Gold Is Correcting, When To Buy?

Wed, Nov 17, 2010 - 3:10pm

After sporting a testosterone-like surge in price since late July, both gold and silver are taking an ebb from their flow. You may think me mad or even throw a four-letter word my way if you're new, but I'm excited. I want to buy more precious metals, and I want to buy them at the best prices possible.

I've run the following charts before, but they've been updated to show the recent surges and corrections in our favorite metal. The perspective these charts offer is quite useful since they can help us spot a bargain.

First, let's look at the recent surge in the gold price to see where it falls in relation to other climbs. This chart shows all the major surges in our current bull market (greater than 5%).

The latest surge, peaking at ,421 on November 9, represents a 22.8% advance from its July 28 low (the far right bar).

The average of all advances is 23.5%, so our recent surge is about average. It may have felt bigger than that, but in the context of the secular bull market, it was nothing out of the ordinary. There have been six surges greater than what we just experienced, and if you believe, as Doug Casey does, that we're in for a mania at some point, our biggest surge has yet to be logged (for reference, in the Mania Phase of the last secular gold bull market, the yellow metal rocketed 128.5% from October 8, 1979, to January 21, 1980).

Convinced as we are that the current correction is temporary, when might be a good time to start buying more? This next chart shows all of gold's major corrections in the current bull market.

Since 2001, the average correction in the gold price is 12.8%. Based on our recent high of $1,421, a 12.8% correction would take the price to $1,239.11. As of Tuesday's London PM fix, gold is down 5.7%, which you'll notice is smaller than any of the pullbacks logged on the chart. That doesn't mean we couldn't go sideways before heading back up, but it equally implies a further drop shouldn't be surprising. Matching the smallest correction of 6.6% would drop the price to $1,327.21.

I've read a couple gold bears forecasting that the price will fall into three figures again. Yet even if we matched the biggest drops of 27.7% in this correction, the price of gold would be $1,027.38, still above the $1,000 mark.

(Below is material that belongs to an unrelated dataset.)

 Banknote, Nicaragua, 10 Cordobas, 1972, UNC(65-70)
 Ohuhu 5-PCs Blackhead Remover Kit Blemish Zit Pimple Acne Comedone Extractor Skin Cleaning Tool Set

You'll also notice some correlation between the two charts; namely, the bigger the surge, the bigger the pullback. The two biggest surges preceded the two biggest corrections. Since our recent surge was about average, I wouldn't be surprised to see this pullback scoring average as well. Which, based on a straightforward average, gives rise to the potential for gold to fall all the way to $1,239.

If, however, you lob off the price extremes – of the two smallest and the two largest corrections – we come up with an average of correction of 8.74%... which would take gold to $1,297, a more likely “worst case” scenario, should the metals correction continue.

That said, as nothing has changed in the fundamentals, with falling confidence in the ability of the world’s largest nation-states to pay off their massive debts in anything other than debased fiat currency units driving widespread interest in gold and silver, this bull market still has a long way to go.

And the correction, as modest as it has been in the historical context, may already have moved the metals back into the buying range for many who have been waiting on the sidelines, waiting to add to positions. If so, then the firming we’re seeing today could signal the correction may be coming to an end.

If the slide continues, however, we’d be looking to add to positions in tranches between $1,327 and $1,298. Tomorrow we’ll update the numbers for silver.